The Church's Deeper Failure

ROSARYPeterMuhly:Getty

A reader writes:

I’ve been following the sex-abuse scandal(s) in the press and on your blog for quite some time and would like to share with you a story that, for me, captures the real failure of the Catholic Church.

My grandfather, a devout Catholic who attended Mass every morning at 7 am, died late in the afternoon on Easter Sunday after a brief, unexpected illness. While he was truly at peace with the coming end, for our family those few days (Holy Week) were filled with sadness and uncertainty.

Early Sunday morning, my mother and some of her sisters were invited to attend Easter Mass in the hospital chapel. They did so gratefully. During the homily, rather than offer words of comfort and hope, the priest launched into a tirade about how the Church was under attack from those looking to destroy it, how the Pope must be protected at all costs, how the birth control pill destroyed American society and threatens the future of the Church because Catholic women are not having enough children, and how Evangelical Christians must be supported and revered because they alone are trying to save the unborn.

Not one word of his homily was dedicated to the physical or emotional pain of the hospital’s patients and their families. 

One can possibly argue the merits of the man’s statements, depending on a particular point of view; no defense can be made, however, of the choice of time and place to make them.
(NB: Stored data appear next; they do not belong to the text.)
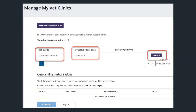This will enable you to set an effective to date if you are no longer working for the clinic. And that is how a vet or microchip implanter can request an authorization from a clinic. Thank you for listening.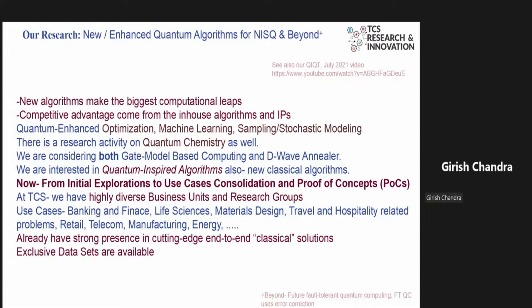One important advantage is our strong presence in cutting-edge, end-to-end classical solutions, and also extensive and exclusive data sets. When you attack a quantum machine learning problem with exclusive data sets, that itself is a differentiator and a value proposition. At TCS, we are aggressively trying to leverage all these trends to carry out research and development in quantum technologies.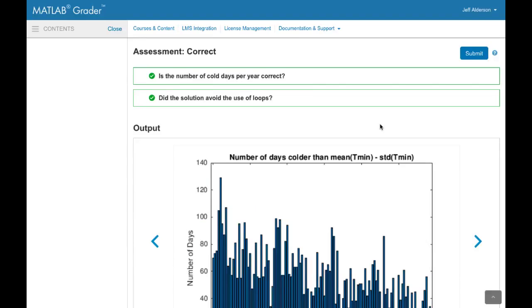And here's what learners see. Learners enter their solution, click submit, and get immediate feedback. In this case both assessments have passed and are showing green check marks showing the learner that they have solved the problem correctly. The learner's output is also shown below the assessment.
Here was a family facing the loss of the only parent they’ve known for forty years, looking to the Church for compassion and strength, for kindness and the promise of renewal. And this priest turned his back on their suffering, more concerned with defending the Church hierarchy than with ministering to those in need. I was first appalled, then deeply saddened when my mother recounted the priest’s words.

Though not particularly religious myself, I respect the significant role of the Catholic faith in my grandfather’s life and his death. And I saw firsthand the great comfort it offered my family as he slipped away. Their faith deserved better than this priest’s pathetic revisionism.

There is no comparison between the tone-deaf homily of this priest and the crimes committed against the children at the heart of this tragedy. But his message underscores the central failure of the Catholic Church. The Vatican, in an effort to protect it’s own interests and influence, lost sight of the mission to tend to the faithful. It was the responsibility of the Church to protect those children; instead, it protected the men who abused them.